その後ろには、最小限の面積に押し込まれた、暗黒の集積が控えている。

 

世の中には二種類の人間がいる。ものを床に散らかす人間と、隅に追いやって見なかったことにする人間だ。後者代表であるわたしは、背後の濃縮された暗黒のことなどすっかり忘れて、日々を楽しく過ごしている。

 

数年前、わたしは一念発起して、暗黒の仕分けに取り掛かったことがある。大量の埃にまみれた空間をほじくり返すわけだから、マスクは必須だ。生命に危険を及ぼす作業。暗黒面と思い出の誘惑に引きずり込まれそうになりながらも、わたしはなんとか、闇をよりマシな闇へと浄化する作業を完遂した。

 

結果。

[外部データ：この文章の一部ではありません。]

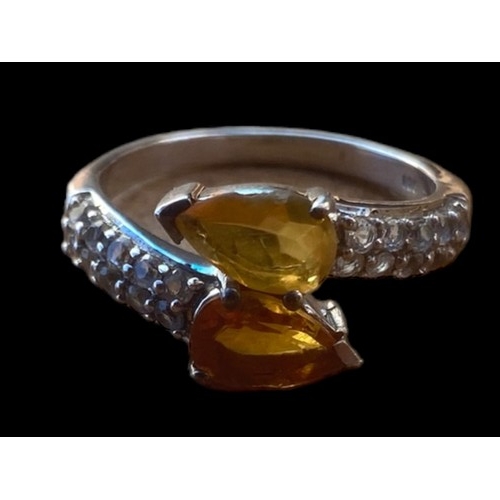 392 - A SILVER GEMSET CITREAN  AND  TOPAZ RING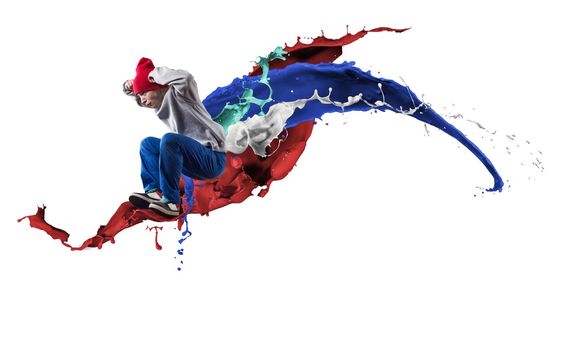 Young male dancer in jump on white background with colorful paint plashes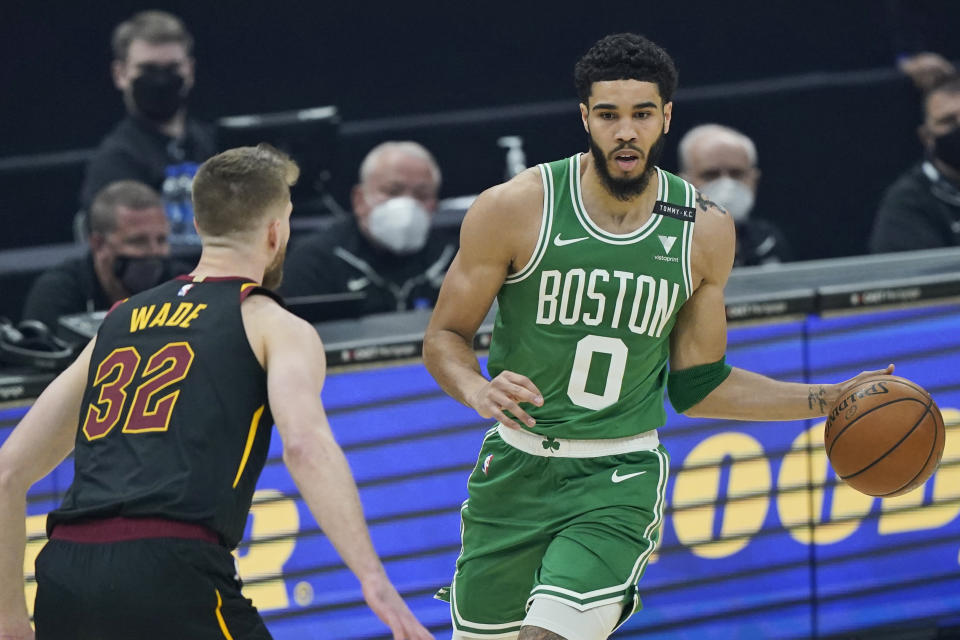 Boston Celtics' Jayson Tatum (0) drives against Cleveland Cavaliers' Dean Wade (32) in the first half of an NBA basketball game, Wednesday, May 12, 2021, in Cleveland. (AP Photo/Tony Dejak)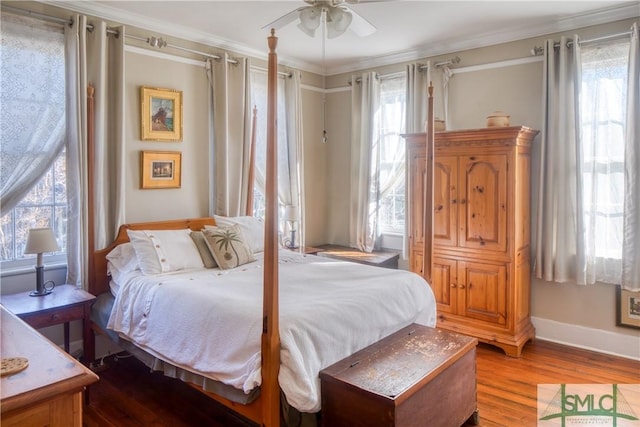 bedroom featuring multiple windows, ceiling fan, ornamental molding, and hardwood / wood-style flooring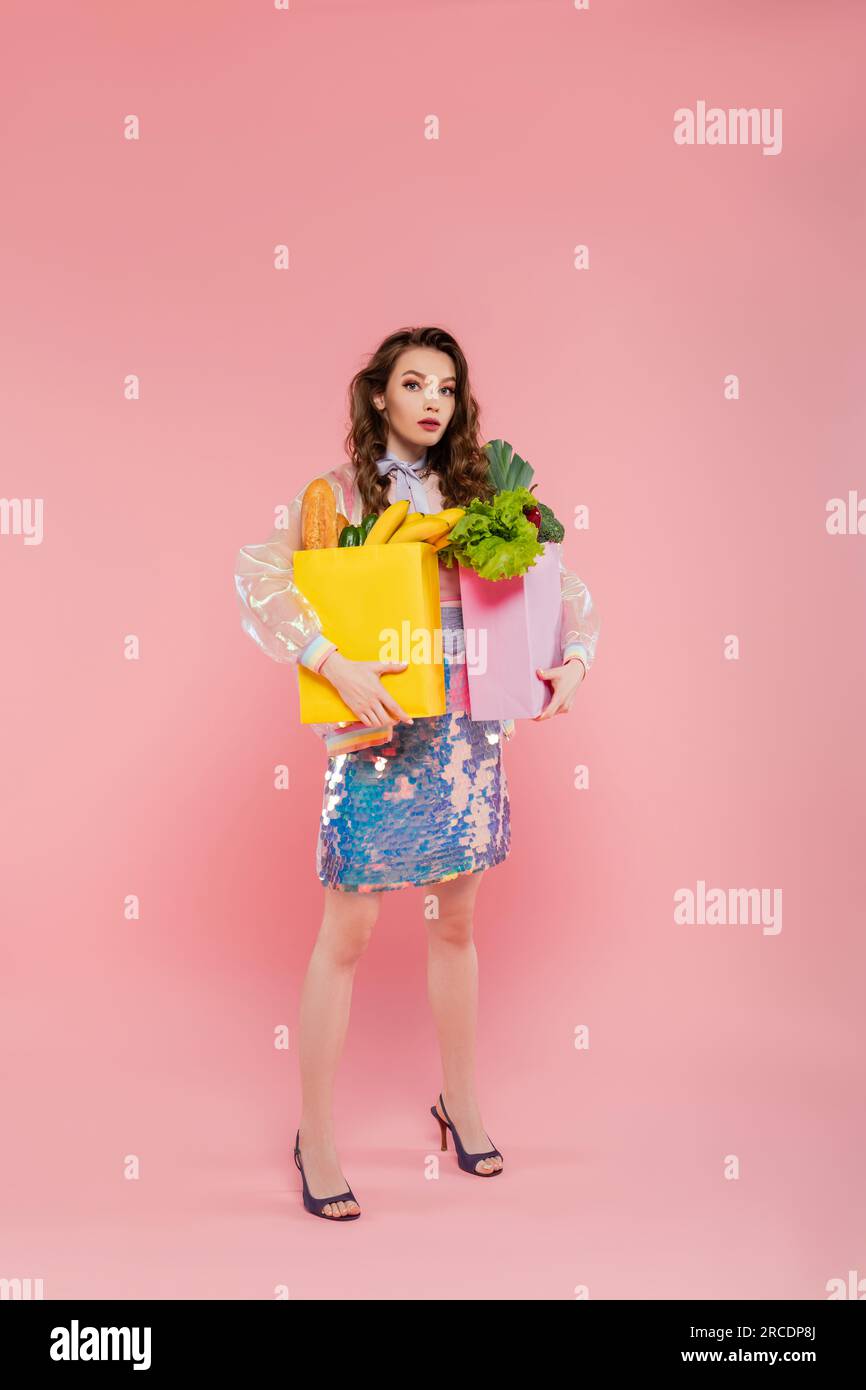 Hausfrauendienst, attraktive junge Frau, die Papiertaschen mit Lebensmitteln trägt, Modell mit welligen Haaren auf pinkfarbenem Hintergrund, Konzeptfotografie, Stockfoto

現金八千円ほどが、わたしの財布に転がり込んだ。

 

床に散らかす派閥の人間に、この喜びはないだろう。彼らは床の現金が見えている。そしていつのまにか、別のものに埋もれてなくなっているのだ。彼らはあるはずだった現金を失う。われわれはないはずだった現金を得る。人生の価値とは幸福の量。諸君、われわれは勝利したのだ!

 

……え? 片付けのできる人間を忘れている、って? 彼らこそが勝者だろうって? いやだなぁ、そんな人間、いるわけがないじゃないですかぁ!?